Dans la jungle, terrible jungle

1

La seule chose qui évita à Jake de mourir avec le Père, c’est la menace que les ignobles et les vampires ne tuent Ote. Il n’y avait pas lieu de tergiverser. Jake hurla :

(OTE, À MOI !)

avec toute la force psychique qu’il put réunir, et Ote se mit à trottiner prestement sur ses talons. Jake dépassa deux ignobles hypnotisés par la tortue et s’engouffra par une porte RÉSERVÉ AU PERSONNEL. Lui et Ote passèrent de l’éclat mat rouge-orangé du restaurant à une zone de lumière blanche et vive, imprégnée d’odeurs de cuisine âcres et de chair carbonisée.

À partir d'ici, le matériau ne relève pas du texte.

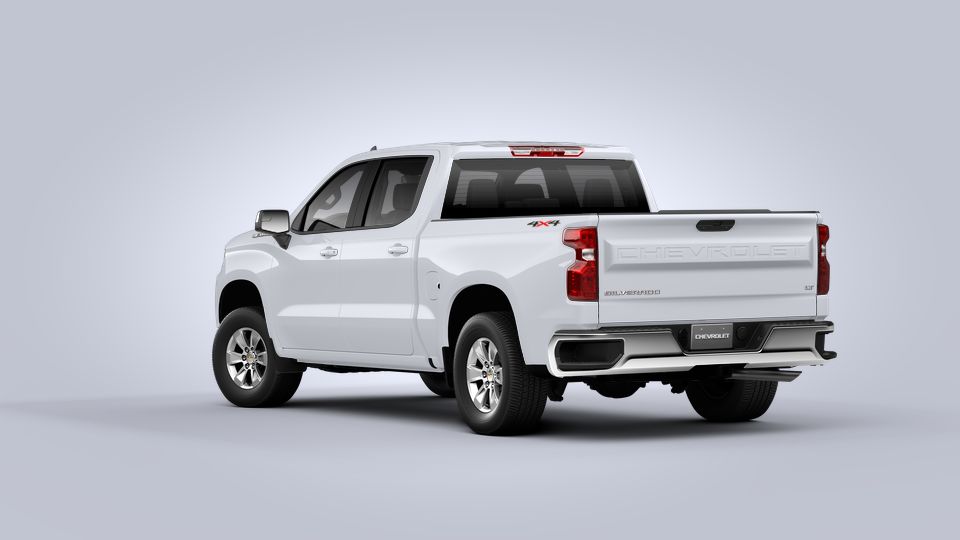 2022 Chevrolet Silverado 1500 LTD LT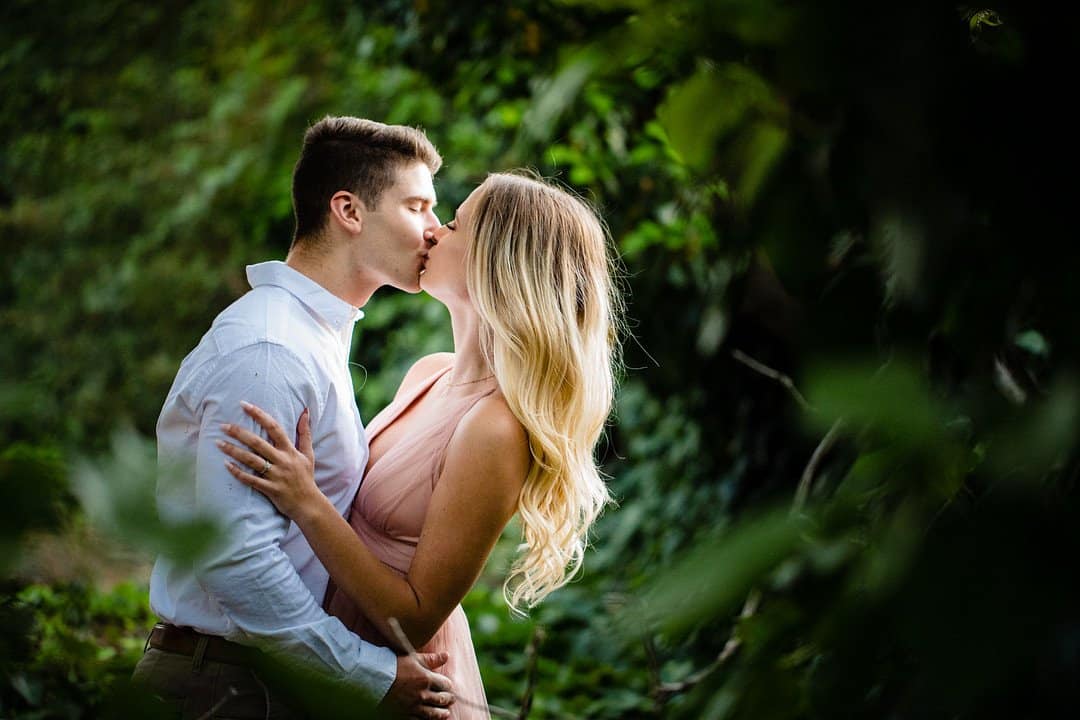 Playful and Romantic Hill Engagement Session 205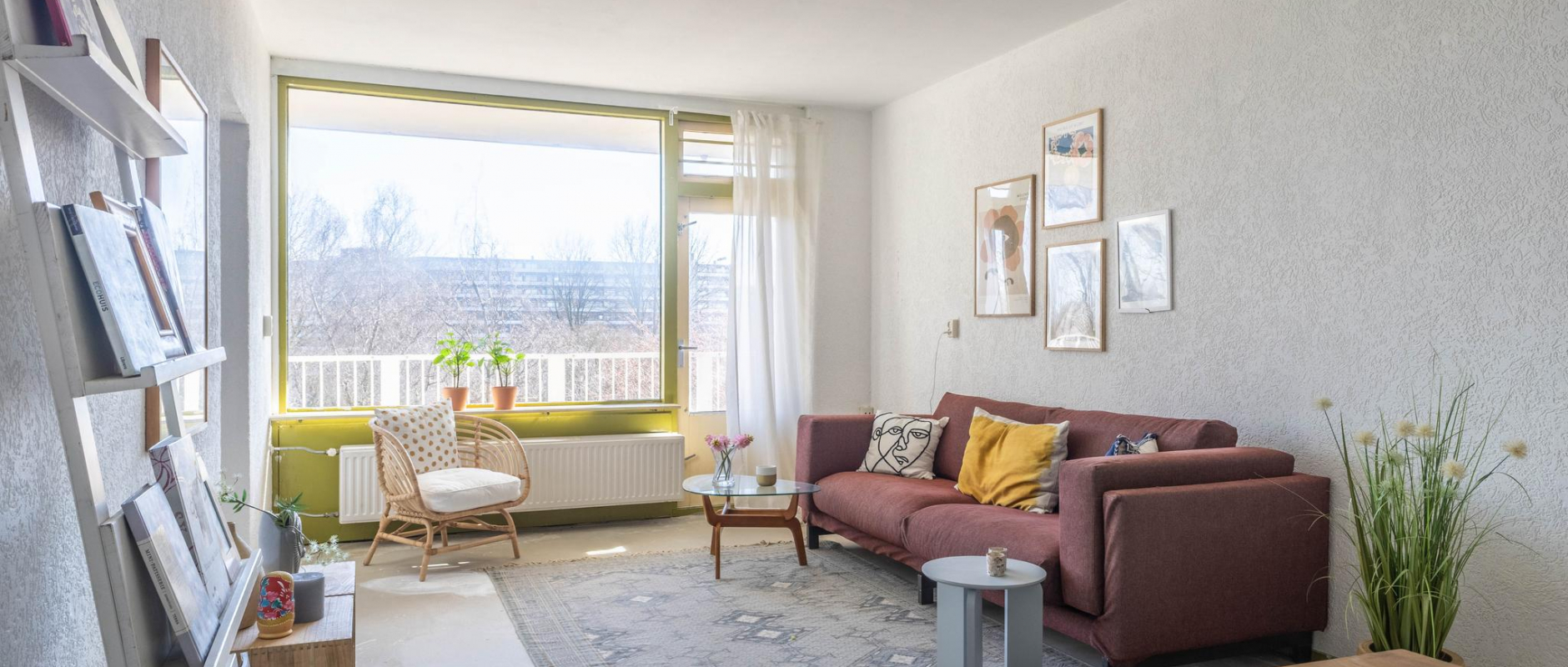 Woning te koop aan de Hogevecht 108 te Amsterdam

De la vapeur lui sauta au visage, chaude et humide

(la jungle)

plantant peut-être le décor de la scène qui allait suivre

(la terrible jungle)

ou peut-être pas. Ses pupilles se rétrécirent et sa vision s’éclaircit. C’est alors qu’il comprit qu’il se trouvait dans les cuisines du Cochon du Sud. Et ce n’était d’ailleurs pas la première fois. Un jour, peu de temps avant l’arrivée des Loups à Calla Bryn Sturgis, Jake avait suivi Susannah (sauf qu’à ce moment-là, elle était Mia) à l’intérieur d’un rêve où elle fouillait les recoins d’une vaste cuisine désertée, à la recherche de nourriture. Cette cuisine-, sauf qu’à présent c’était la cohue. Un énorme cochon crépitait sur une broche métallique au-dessus d’un brasier gigantesque, les flammes venaient lécher chaque goutte de graisse à travers la grille incrustée de croûtes de viande. De part et d’autre du feu se dressaient d’imposants fourneaux de cuivre, sur lesquels fumaient des casseroles presque aussi grandes que Jake lui-même. Une créature à peau grise était en train de touiller, une créature tellement hideuse que Jake eut à peine la force de soutenir sa vue. Des défenses saillaient de chaque côté de sa bouche aux lèvres grises et charnues. Ses joues ornées de fanons pendaient en un amas de chair flasque recouvert de verrues. Pour couronner cette vision de cauchemar, la chose portait un tablier de cuisine blanc souillé d’éclaboussures diverses, et une toque rappelant un gros pop-corn gonflé d’air. Au-delà de cette apparition, quasiment englouties par la vapeur, deux autres créatures vêtues de blanc faisaient la vaisselle côte à côte, dans un évier double. Toutes deux portaient des lenges autour du cou. L’une d’elles était un humain, un garçon d’environ dix-sept ans. L’autre ressemblait à une sorte de chat de gouttière monstrueux avec des jambes.